Read post #34 above.


----------



## kim hansen (Nov 26, 2002)

Thrust said:


> Read post #34 above.



Ups.... Well, You can´t blame me.... I´m from Denmark... 


But what´s an "overlay"...???? Is it a single layer of carbon that has been glued to the roof, and then given some kind of clear coating....??


----------



## Thrust (Jun 8, 2004)

It's like a carbon mold/moulding that fits exactly over the body and is glued on. It looks like carbon, well, it is carbon, but the reason for fitting is mostly cosmetic, as it adds slightly to the car's weight. It complements the real carbon parts to make it look like the whole car is carbon, not just the doors, bonnet/hood, bumper, trunk/boot etc. The 350Z is probably kept in a garage, so the surface that you see in that shot was still in good condition. My car had the same stuff on it and was parked outside where the sun clouded and cracked the carbon overlay within a few months, so I had to have all the overlay ripped off.


----------



## kim hansen (Nov 26, 2002)

Ok... Sounds like You needed some kind of repaint after that... ???


----------



## Thrust (Jun 8, 2004)

kim hansen said:


> Ok... Sounds like You needed some kind of repaint after that... ???

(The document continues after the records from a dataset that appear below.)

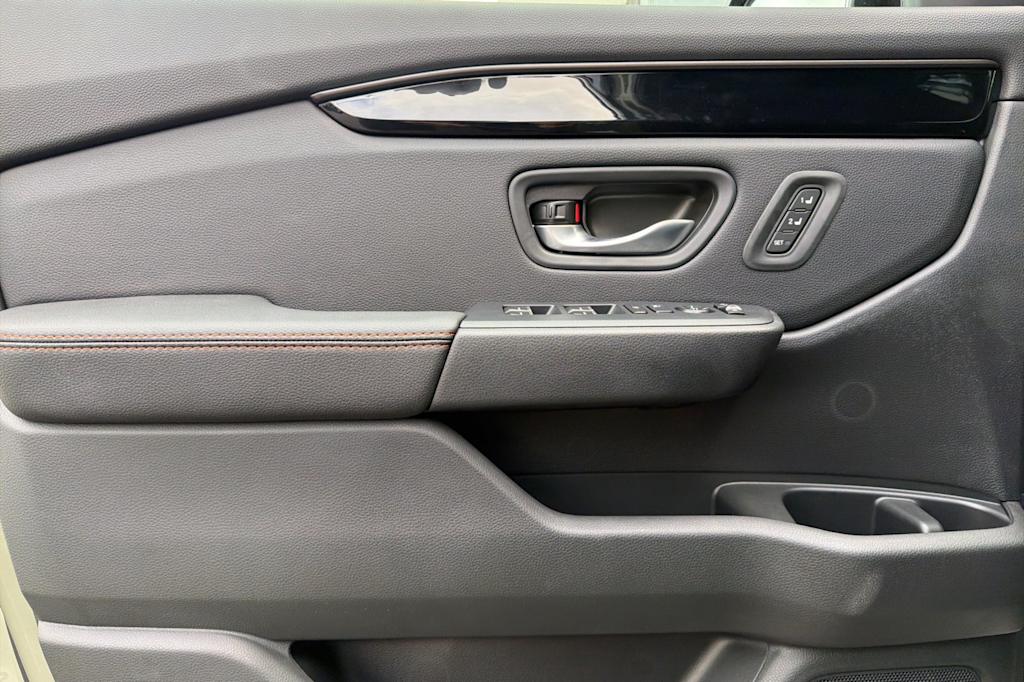 Thumbnail: 2026 Honda Pilot - 21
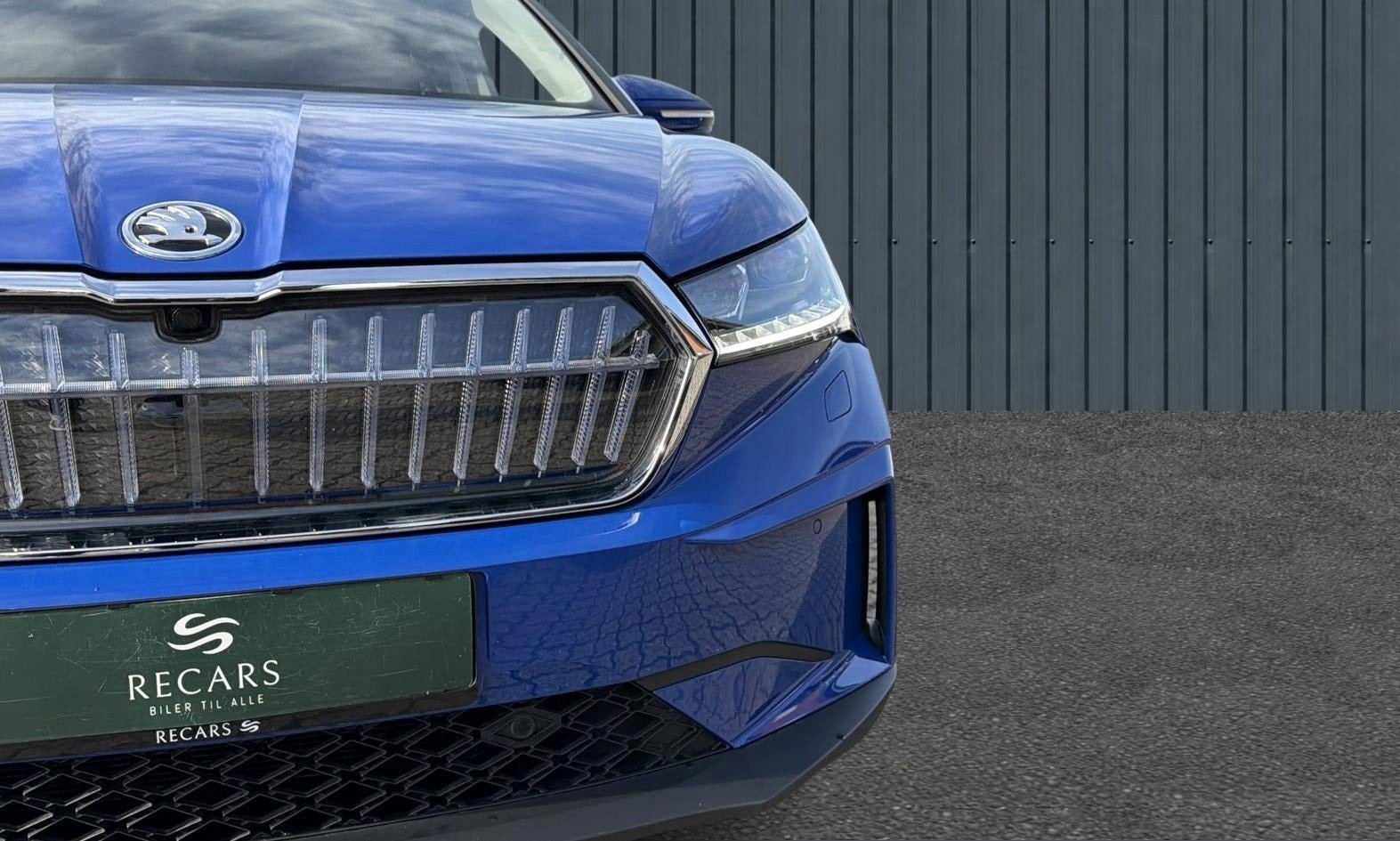 Blå Skoda Enyaq fra 2023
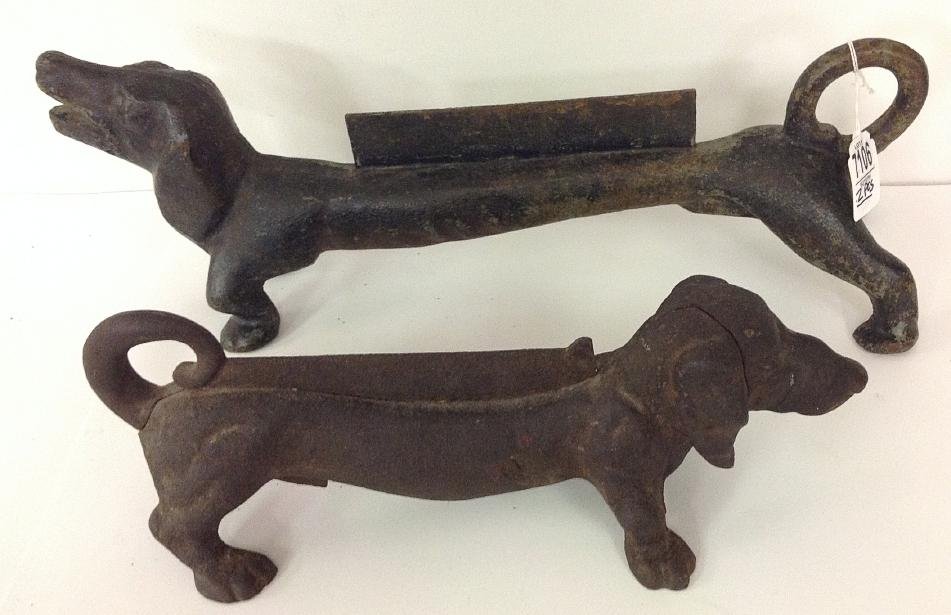 2 CAST IRON DACHSHUND BOOT SCRAPES, 1 MEASURES 21" (1 of 1)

It's the capital of Norway, isn't it!  

Yes, as I've posted on another thread, it needs stripping down the the metal and a complete repaint if you want to take the carbon seal off.


----------



## Pharoahe (Mar 11, 2006)

Here is a Beemer, that does it the right way


----------



## kim hansen (Nov 26, 2002)

Thrust said:


> It's the capital of Norway, isn't it!
> 
> Yes, as I've posted on another thread, it needs stripping down the the metal and a complete repaint if you want to take the carbon seal off.


No... It´s a small country...... Well, oh... let´s just say that...:chuckle: 

Like the work on that M3...... Looks good on a white car..

But think about the price for such an operation....!!!


----------



## RBnemesis13B (Dec 26, 2005)

Those TE37's and that Fairlady are gorgeous. Love the TE37's, favourite wheels ever and all these editions just make me want them more.


----------